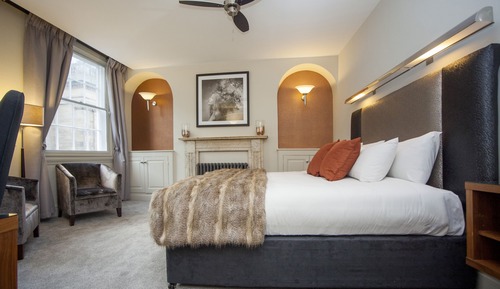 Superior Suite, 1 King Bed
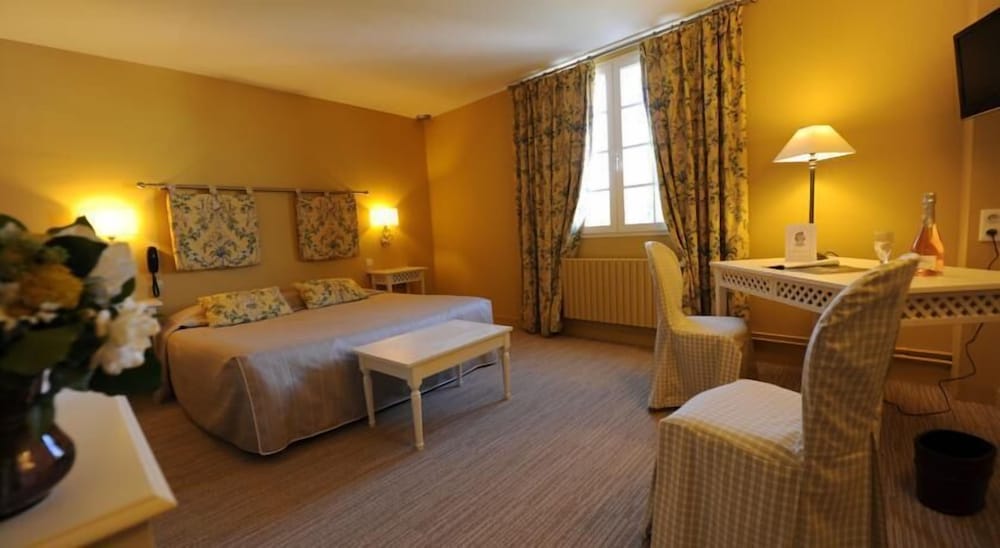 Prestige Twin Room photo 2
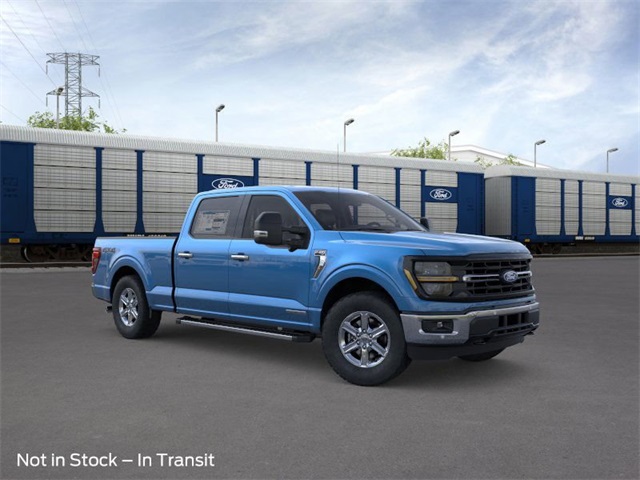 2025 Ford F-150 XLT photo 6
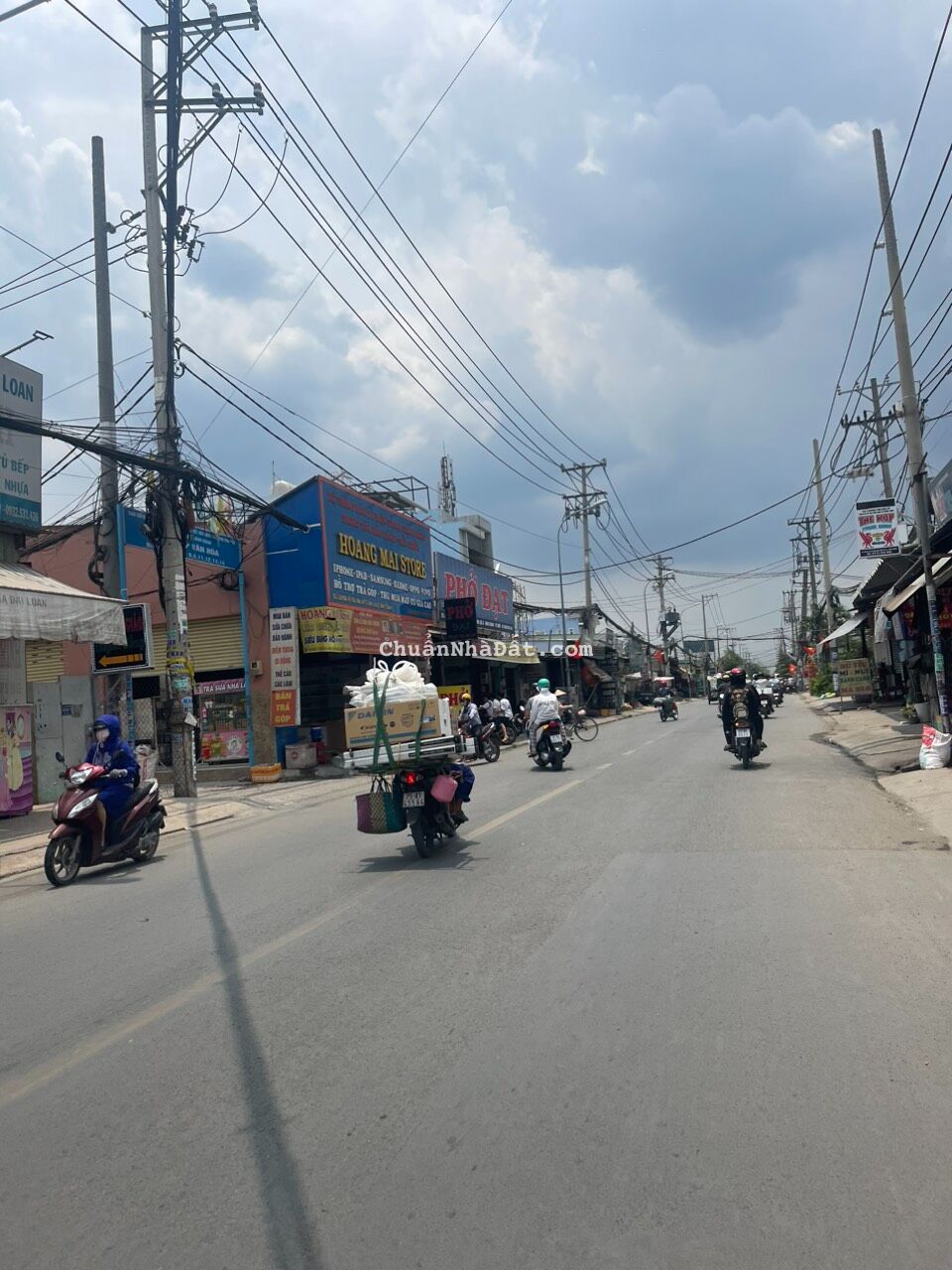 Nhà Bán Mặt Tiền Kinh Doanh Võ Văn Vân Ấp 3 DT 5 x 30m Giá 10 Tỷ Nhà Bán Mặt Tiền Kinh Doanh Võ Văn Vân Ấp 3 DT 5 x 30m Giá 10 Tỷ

***

__What the task requires__
Through to the final line, copy the material above exactly and skip the images.

__Finished task__
 Superior Suite, 1 King Bed
 Prestige Twin Room photo 2
 2025 Ford F-150 XLT photo 6
 Nhà Bán Mặt Tiền Kinh Doanh Võ Văn Vân Ấp 3 DT 5 x 30m Giá 10 Tỷ Nhà Bán Mặt Tiền Kinh Doanh Võ Văn Vân Ấp 3 DT 5 x 30m Giá 10 Tỷ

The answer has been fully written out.